Pakistan Deporting Afghans Who Seek Asylum from Taliban by Uzay Bulut

https://www.gatestoneinstitute.org/20263/pakistan-deporting-afghans

  • “Those at particular risk are civil society activists, journalists, human rights defenders, former government officials and security force members, and of course women and girls as a whole, who, as a result of the abhorrent policies currently in place in Afghanistan, are banned from secondary and tertiary education, working in many sectors and other aspects of daily and public life.” — UN Office of the High Commissioner for Human Rights, October 27, 2023.
  • “Asad and his family fled Afghanistan in 2021 when his friends and colleagues were murdered after the Taliban came to power. ‘I am on several lists maintained by the Taliban and I am certain I will be killed if I go back…'” — Amnesty International, November 10, 2023.
  • The terrorism that Pakistan complains about comes from the Taliban in Afghanistan — that Pakistan supported for decades — not from the Afghan asylum seekers in Pakistan.
  • What Pakistan has done… is to counter terrorists that challenge its own authority while actively supporting other terrorists who challenge other governments — particularly in India and the West.
  • There are no “good jihadist terrorists.”
  • What has caused an increase in terrorism in Pakistan is not Afghan refugees trying to survive there, but Pakistan’s own policies that, for decades, have empowered jihadist terrorists both domestically and abroad.

Pakistan has started the mass deportation of “unregistered” Afghans in the country. The move sends back hundreds of thousands of people who fled the Taliban when they took over in 2021 after American troops withdrew, and violates principles of refugee non-refoulement. If forcibly returned, these refugees are at risk of persecution.

Pakistan claims its mass deportations of these Afghans is due to “increased terrorism” in the country — but it was the government of Pakistan that for decades supported the Taliban in Afghanistan. Ever since they took over the country in 2021, Afghanistan has just become a safe haven for terrorist groups.
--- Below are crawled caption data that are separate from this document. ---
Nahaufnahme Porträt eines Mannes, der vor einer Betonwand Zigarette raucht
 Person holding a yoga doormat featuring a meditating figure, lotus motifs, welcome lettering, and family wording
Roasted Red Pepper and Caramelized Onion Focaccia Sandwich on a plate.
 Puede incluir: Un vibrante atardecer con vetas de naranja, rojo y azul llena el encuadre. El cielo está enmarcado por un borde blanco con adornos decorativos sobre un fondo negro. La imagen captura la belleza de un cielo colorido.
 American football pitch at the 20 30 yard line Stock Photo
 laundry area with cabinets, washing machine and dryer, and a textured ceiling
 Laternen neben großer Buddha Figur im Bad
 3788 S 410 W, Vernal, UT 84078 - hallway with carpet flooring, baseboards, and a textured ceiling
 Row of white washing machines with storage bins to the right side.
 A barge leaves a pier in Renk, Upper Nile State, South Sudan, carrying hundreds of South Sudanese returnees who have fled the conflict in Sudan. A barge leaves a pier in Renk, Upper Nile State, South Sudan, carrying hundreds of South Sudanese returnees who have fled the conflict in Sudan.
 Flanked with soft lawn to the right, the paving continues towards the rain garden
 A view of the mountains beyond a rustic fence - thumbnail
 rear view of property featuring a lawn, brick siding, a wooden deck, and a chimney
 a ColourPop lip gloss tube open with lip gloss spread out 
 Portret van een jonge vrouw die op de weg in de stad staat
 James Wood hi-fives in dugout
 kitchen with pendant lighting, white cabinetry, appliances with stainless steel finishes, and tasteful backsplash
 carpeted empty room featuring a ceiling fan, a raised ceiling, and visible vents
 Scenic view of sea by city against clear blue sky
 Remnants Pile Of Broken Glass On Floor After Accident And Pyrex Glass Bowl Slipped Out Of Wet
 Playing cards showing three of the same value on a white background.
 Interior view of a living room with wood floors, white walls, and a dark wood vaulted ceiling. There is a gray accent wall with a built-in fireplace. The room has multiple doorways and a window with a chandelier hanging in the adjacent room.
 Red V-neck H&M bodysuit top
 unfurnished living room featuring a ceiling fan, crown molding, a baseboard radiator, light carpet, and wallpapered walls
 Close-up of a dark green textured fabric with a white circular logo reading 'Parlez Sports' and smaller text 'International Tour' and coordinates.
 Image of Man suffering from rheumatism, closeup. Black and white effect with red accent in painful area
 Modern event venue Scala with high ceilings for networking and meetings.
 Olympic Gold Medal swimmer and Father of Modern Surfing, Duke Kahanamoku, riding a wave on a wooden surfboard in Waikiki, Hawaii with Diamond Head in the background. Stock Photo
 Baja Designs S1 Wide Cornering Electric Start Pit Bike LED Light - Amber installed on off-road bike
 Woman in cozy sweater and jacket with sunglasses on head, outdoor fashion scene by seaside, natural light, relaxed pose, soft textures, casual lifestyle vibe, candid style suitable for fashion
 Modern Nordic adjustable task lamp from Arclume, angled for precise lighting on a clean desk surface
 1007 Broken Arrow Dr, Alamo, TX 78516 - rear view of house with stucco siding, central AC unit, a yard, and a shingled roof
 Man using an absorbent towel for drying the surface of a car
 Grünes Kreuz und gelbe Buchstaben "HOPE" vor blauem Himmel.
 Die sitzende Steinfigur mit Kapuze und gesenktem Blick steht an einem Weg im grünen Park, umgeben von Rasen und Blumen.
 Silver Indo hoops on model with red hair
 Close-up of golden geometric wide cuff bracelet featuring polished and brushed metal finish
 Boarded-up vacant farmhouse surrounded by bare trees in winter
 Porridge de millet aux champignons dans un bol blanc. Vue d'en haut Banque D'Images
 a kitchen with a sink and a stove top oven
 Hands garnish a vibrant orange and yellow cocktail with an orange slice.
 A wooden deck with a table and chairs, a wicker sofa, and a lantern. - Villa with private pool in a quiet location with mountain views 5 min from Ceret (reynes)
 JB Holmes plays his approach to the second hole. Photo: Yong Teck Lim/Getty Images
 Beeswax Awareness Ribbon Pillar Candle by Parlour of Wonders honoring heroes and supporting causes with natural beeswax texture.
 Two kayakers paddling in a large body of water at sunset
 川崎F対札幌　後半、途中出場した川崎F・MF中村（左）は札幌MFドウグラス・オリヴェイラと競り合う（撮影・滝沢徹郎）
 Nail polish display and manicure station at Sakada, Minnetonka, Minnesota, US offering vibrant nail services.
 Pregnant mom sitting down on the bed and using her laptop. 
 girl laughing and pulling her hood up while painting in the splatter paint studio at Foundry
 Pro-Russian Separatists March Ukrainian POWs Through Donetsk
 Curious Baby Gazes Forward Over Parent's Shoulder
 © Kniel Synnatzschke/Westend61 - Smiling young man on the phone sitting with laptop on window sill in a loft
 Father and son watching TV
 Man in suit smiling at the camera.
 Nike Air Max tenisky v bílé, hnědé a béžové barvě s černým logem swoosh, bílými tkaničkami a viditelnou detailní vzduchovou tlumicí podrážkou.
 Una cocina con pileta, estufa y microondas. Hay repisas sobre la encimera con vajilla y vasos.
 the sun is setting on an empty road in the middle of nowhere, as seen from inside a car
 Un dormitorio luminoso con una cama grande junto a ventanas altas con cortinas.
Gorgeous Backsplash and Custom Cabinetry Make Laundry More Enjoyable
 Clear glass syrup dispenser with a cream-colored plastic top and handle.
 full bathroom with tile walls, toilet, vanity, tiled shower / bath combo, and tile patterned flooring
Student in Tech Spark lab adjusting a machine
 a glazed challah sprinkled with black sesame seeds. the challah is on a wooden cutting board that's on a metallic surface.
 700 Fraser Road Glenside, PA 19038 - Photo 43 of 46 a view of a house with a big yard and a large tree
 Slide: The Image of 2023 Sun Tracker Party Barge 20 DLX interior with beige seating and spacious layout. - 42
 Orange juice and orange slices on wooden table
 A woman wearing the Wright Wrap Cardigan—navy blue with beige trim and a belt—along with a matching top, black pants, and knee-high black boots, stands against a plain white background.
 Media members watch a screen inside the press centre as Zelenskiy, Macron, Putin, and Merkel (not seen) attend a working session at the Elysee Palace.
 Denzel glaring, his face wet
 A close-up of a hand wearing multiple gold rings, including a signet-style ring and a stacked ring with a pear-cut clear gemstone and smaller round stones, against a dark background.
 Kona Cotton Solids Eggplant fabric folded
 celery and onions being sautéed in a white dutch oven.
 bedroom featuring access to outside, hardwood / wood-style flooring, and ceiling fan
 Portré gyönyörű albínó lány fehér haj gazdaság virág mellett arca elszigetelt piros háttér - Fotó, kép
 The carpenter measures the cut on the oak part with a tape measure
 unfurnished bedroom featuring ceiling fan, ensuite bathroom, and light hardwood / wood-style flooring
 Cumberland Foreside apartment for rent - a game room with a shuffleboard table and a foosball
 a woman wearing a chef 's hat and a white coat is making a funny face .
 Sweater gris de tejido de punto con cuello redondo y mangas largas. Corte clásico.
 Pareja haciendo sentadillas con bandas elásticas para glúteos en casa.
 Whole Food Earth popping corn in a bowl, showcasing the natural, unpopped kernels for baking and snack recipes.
In September, Pakistan’s government announced that it would carry out mass deportations of all “unregistered foreign nationals,” labeled under Pakistani law as the Illegal Foreigners Repatriation Plan. The plan demands that all such individuals leave the country before November 1, 2023. Police also reportedly warned landlords to avoid renting homes to undocumented refugees and migrants.

The Associated Press reported on November 13 that in recent weeks since Pakistani authorities started arresting and deporting foreign nationals without documentation, after the November 1 deadline for migrants without legal status to leave the country voluntarily, nearly 300,000 Afghans have left Pakistan.

The Crisis Group reported:

“Although the plan purported to apply to all foreigners residing in the country illegally, it appears designed to target Afghans, millions of whom have sought refuge in Pakistan over the years. Pakistan hosts an estimated three to four million Afghan refugees and migrants, including at least 600,000 who have crossed the border since August 2021, when the Taliban seized power for a second time in Afghanistan. Of these, 1.3 million are registered as legal refugees, holding Proof of Registration cards, while an additional 850,000 have received Afghan Citizen Cards from the Pakistani authorities, giving them some protections but not all of those afforded to registered refugees. Some 1.7 million more Afghans are believed to be residing in the country without any documentation at all. This last figure could be a significant underestimate, as people living on the mountainous frontier are accustomed to moving back and forth across the border, often without travel papers from either state.”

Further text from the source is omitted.